WB: I think the individual is a single block of society. Without the individual next to an individual we cannot establish community. And I think the individual has so much power but most of the time we ignore that power, either out of fear or out of a desire [to avoid the commitment of being] responsible as an individual ... . It all starts from one person.
Throughout all the footage I only showed one soldier at a time. To me, all soldiers are the same because they are committed to some justification for every action and response, and for this justification, they are committed to kill another human being they have never seen. If all of us refuse that notion, either of nationalism or religion or whatever justification, the world would become more peaceful because there would not be individuals willing to [commit] indecent acts. At the end of the piece, the soldier [is] disgusted with everything; he buried his uniform and walked away but he did not bury the shovel, his tool of refusal.
He walk[s] to the horizon and the girl starts fading away. After he disappears, Bush announces the new war and then whoever is in the space becomes the witness to the present time, to the current war. At the end of the piece, there is no figure of a witness on either wall; at that moment you, the audience, are the witness to the project.
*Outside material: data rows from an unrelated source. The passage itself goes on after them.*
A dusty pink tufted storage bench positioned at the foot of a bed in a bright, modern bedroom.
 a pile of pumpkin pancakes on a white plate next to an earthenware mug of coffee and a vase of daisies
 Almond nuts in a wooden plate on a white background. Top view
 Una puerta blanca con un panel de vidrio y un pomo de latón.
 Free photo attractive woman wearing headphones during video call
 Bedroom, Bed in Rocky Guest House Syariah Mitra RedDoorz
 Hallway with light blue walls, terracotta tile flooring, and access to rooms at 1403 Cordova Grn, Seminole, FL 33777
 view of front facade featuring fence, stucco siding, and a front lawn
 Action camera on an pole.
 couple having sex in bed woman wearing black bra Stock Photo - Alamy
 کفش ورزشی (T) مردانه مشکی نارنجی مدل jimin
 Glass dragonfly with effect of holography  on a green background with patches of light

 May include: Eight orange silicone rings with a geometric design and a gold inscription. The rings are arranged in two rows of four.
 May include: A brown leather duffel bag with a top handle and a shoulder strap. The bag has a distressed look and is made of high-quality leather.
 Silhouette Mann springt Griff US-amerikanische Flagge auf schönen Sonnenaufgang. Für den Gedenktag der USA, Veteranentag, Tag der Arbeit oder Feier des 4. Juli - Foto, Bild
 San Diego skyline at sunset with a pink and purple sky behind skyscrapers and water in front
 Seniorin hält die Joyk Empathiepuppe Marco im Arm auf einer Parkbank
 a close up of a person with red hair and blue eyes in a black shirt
PS: In the last scene, when the soldier buries his uniform, why did you choose to place the soldier in that bucolic field?
WB: That field represents the Midwest to me — the isolation [specific to] the Midwest. Two years ago I did a speaking tour where I went to 20 states with a U.S. war veteran. I saw how isolated people were. I intend this piece to reflect reality to the entire United States, but I chose that setting to represent the Midwest — but we are all in the Midwest in terms of political misinformation.
PS: What do you want the viewer to come away with? Do you perceive of yourself as taking on the role of an artist or an activist?
WB: I think artists in general are educators. We are people who are willing to take the risk and it is not an easy thing to do. I am just one person but there is a greater cost if I stay silent. What I wanted to do was to empower, to say that we all have the power inside of us and these are crimes committed in our names. I am an American citizen now, so it is my responsibility to be an American now, and so the same way that I fought Saddam’s regime, now I have to fight every regime which has committed these crimes in my name.
PS: You invited a number of organizations to provide information at the opening. Can you tell me a bit about them and your reasons for wanting to include them alongside your piece?
WB: The organizations were the American Friends Service Committee, Artists Emergency Response, and Voices In the Wilderness. These organizations speak of different things. One about the people of Iraq, one about Palestine, and one about injustice in general. For me, I cannot just project the harsh footage without having some way for the viewer to act upon that, to give them something in their hands if they want to do something. It is important to inform people, but after they are informed, what are they going to do? To me, my project is a suggestion and it plants doubt about the U.S. government’s justifications and actions. The piece also suggests that everyone of us could act and inform each other, to exchange information and talk about these things. ... To raise your voice really doesn’t take a lot.
CNN shows the green computer screen of the bombing of Baghdad but never shows the bodies.